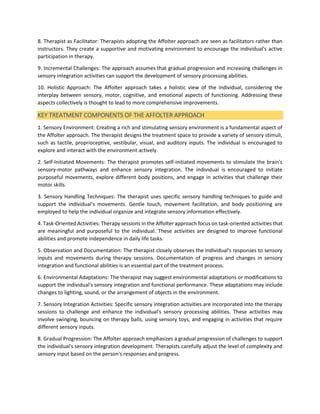 8. Therapist as Facilitator: Therapists adopting the Affolter approach are seen as facilitators rather than
instructors. They create a supportive and motivating environment to encourage the individual's active
participation in therapy.
9. Incremental Challenges: The approach assumes that gradual progression and increasing challenges in
sensory integration activities can support the development of sensory processing abilities.
10. Holistic Approach: The Affolter approach takes a holistic view of the individual, considering the
interplay between sensory, motor, cognitive, and emotional aspects of functioning. Addressing these
aspects collectively is thought to lead to more comprehensive improvements.
KEY TREATMENT COMPONENTS OF THE AFFOLTER APPROACH
1. Sensory Environment: Creating a rich and stimulating sensory environment is a fundamental aspect of
the Affolter approach. The therapist designs the treatment space to provide a variety of sensory stimuli,
such as tactile, proprioceptive, vestibular, visual, and auditory inputs. The individual is encouraged to
explore and interact with the environment actively.
2. Self-Initiated Movements: The therapist promotes self-initiated movements to stimulate the brain's
sensory-motor pathways and enhance sensory integration. The individual is encouraged to initiate
purposeful movements, explore different body positions, and engage in activities that challenge their
motor skills.
3. Sensory Handling Techniques: The therapist uses specific sensory handling techniques to guide and
support the individual's movements. Gentle touch, movement facilitation, and body positioning are
employed to help the individual organize and integrate sensory information effectively.
4. Task-Oriented Activities: Therapy sessions in the Affolter approach focus on task-oriented activities that
are meaningful and purposeful to the individual. These activities are designed to improve functional
abilities and promote independence in daily life tasks.
5. Observation and Documentation: The therapist closely observes the individual's responses to sensory
inputs and movements during therapy sessions. Documentation of progress and changes in sensory
integration and functional abilities is an essential part of the treatment process.
6. Environmental Adaptations: The therapist may suggest environmental adaptations or modifications to
support the individual's sensory integration and functional performance. These adaptations may include
changes to lighting, sound, or the arrangement of objects in the environment.
7. Sensory Integration Activities: Specific sensory integration activities are incorporated into the therapy
sessions to challenge and enhance the individual's sensory processing abilities. These activities may
involve swinging, bouncing on therapy balls, using sensory toys, and engaging in activities that require
different sensory inputs.
8. Gradual Progression: The Affolter approach emphasizes a gradual progression of challenges to support
the individual's sensory integration development. Therapists carefully adjust the level of complexity and
sensory input based on the person's responses and progress.
 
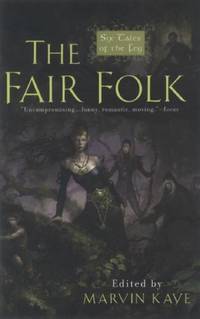 The Fair Folk: Six Tales of the Fey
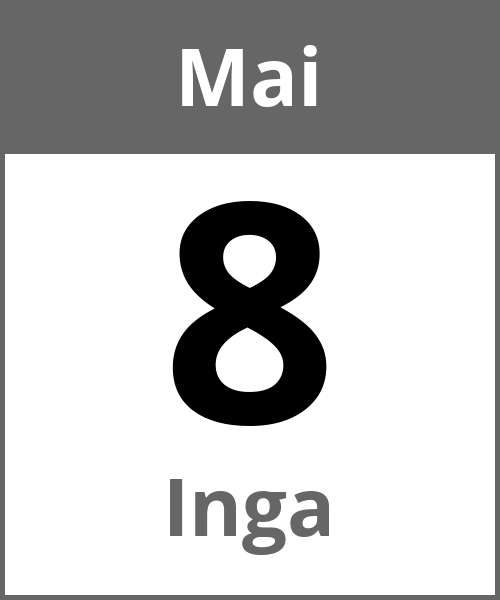 Feiertag Inga Mai 8.5.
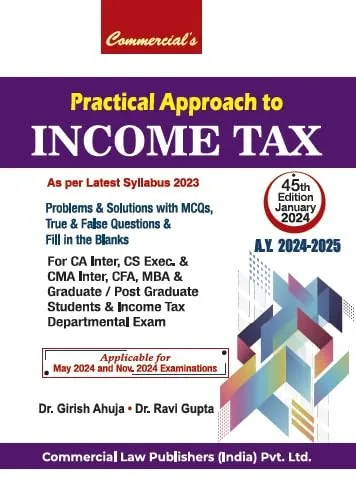 Practical Approach to Income Tax* 45th Edition
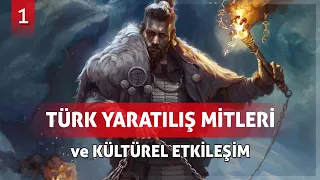 TÜRK MİTOLOJİSİNDE YARATILIŞ [1] VE ETKİLEŞİMLER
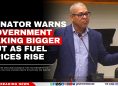 Senator Warns Government Taking Bigger Cut as Fuel Prices Rise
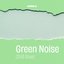 Green Noise - Chill River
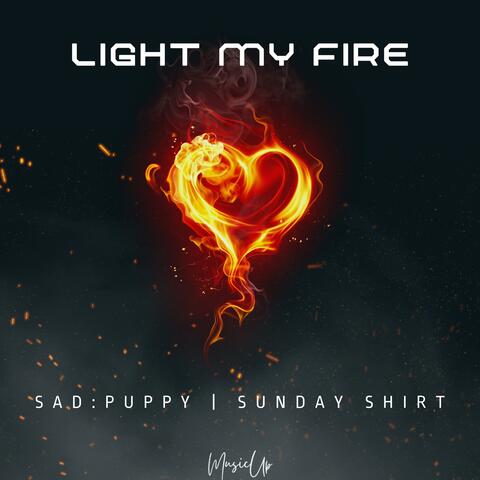 Light My Fire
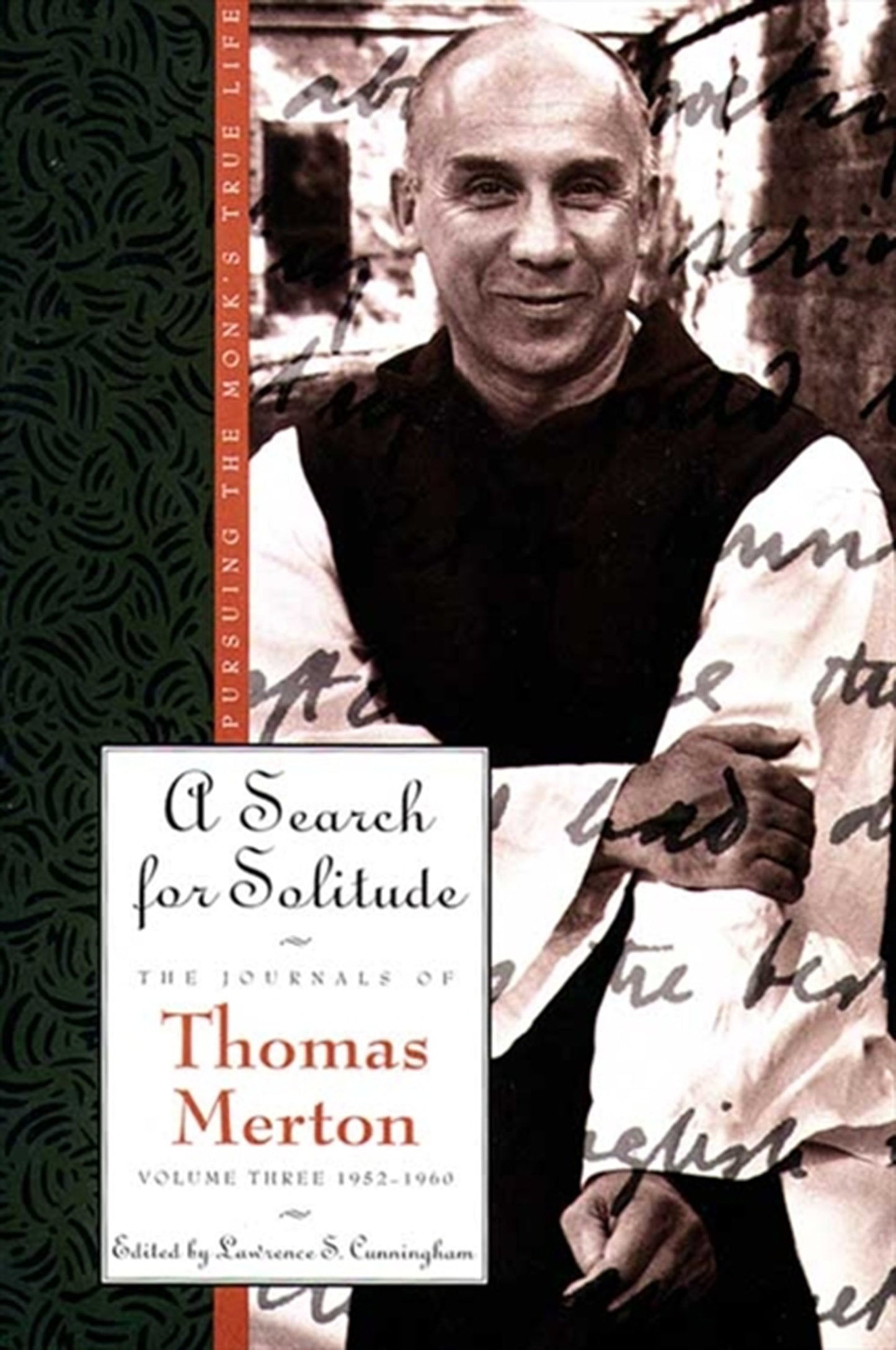 Search for Solitude: Pursuing the Monk's True Lifethe Journals of Thomas Merton, Volume 3: 1952-1960 (Revised) book cover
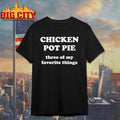 Chicken Pot Pie Three Of My Favorite Things Shirt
_ _ _
→ PROBLEM TO WORK ON: Could you output every record above exactly as written, leaving out the pictures?

→ RESPONSE AREA:
 8. Therapist as Facilitator: Therapists adopting the Affolter approach are seen as facilitators rather than
instructors. They create a supportive and motivating environment to encourage the individual's active
participation in therapy.
9. Incremental Challenges: The approach assumes that gradual progression and increasing challenges in
sensory integration activities can support the development of sensory processing abilities.
10. Holistic Approach: The Affolter approach takes a holistic view of the individual, considering the
interplay between sensory, motor, cognitive, and emotional aspects of functioning. Addressing these
aspects collectively is thought to lead to more comprehensive improvements.
KEY TREATMENT COMPONENTS OF THE AFFOLTER APPROACH
1. Sensory Environment: Creating a rich and stimulating sensory environment is a fundamental aspect of
the Affolter approach. The therapist designs the treatment space to provide a variety of sensory stimuli,
such as tactile, proprioceptive, vestibular, visual, and auditory inputs. The individual is encouraged to
explore and interact with the environment actively.
2. Self-Initiated Movements: The therapist promotes self-initiated movements to stimulate the brain's
sensory-motor pathways and enhance sensory integration. The individual is encouraged to initiate
purposeful movements, explore different body positions, and engage in activities that challenge their
motor skills.
3. Sensory Handling Techniques: The therapist uses specific sensory handling techniques to guide and
support the individual's movements. Gentle touch, movement facilitation, and body positioning are
employed to help the individual organize and integrate sensory information effectively.
4. Task-Oriented Activities: Therapy sessions in the Affolter approach focus on task-oriented activities that
are meaningful and purposeful to the individual. These activities are designed to improve functional
abilities and promote independence in daily life tasks.
5. Observation and Documentation: The therapist closely observes the individual's responses to sensory
inputs and movements during therapy sessions. Documentation of progress and changes in sensory
integration and functional abilities is an essential part of the treatment process.
6. Environmental Adaptations: The therapist may suggest environmental adaptations or modifications to
support the individual's sensory integration and functional performance. These adaptations may include
changes to lighting, sound, or the arrangement of objects in the environment.
7. Sensory Integration Activities: Specific sensory integration activities are incorporated into the therapy
sessions to challenge and enhance the individual's sensory processing abilities. These activities may
involve swinging, bouncing on therapy balls, using sensory toys, and engaging in activities that require
different sensory inputs.
8. Gradual Progression: The Affolter approach emphasizes a gradual progression of challenges to support
the individual's sensory integration development. Therapists carefully adjust the level of complexity and
sensory input based on the person's responses and progress.
 
 The Fair Folk: Six Tales of the Fey
 Feiertag Inga Mai 8.5.
 Practical Approach to Income Tax* 45th Edition
 TÜRK MİTOLOJİSİNDE YARATILIŞ [1] VE ETKİLEŞİMLER
 Senator Warns Government Taking Bigger Cut as Fuel Prices Rise
 Green Noise - Chill River
 Light My Fire
 Search for Solitude: Pursuing the Monk's True Lifethe Journals of Thomas Merton, Volume 3: 1952-1960 (Revised) book cover
 Chicken Pot Pie Three Of My Favorite Things Shirt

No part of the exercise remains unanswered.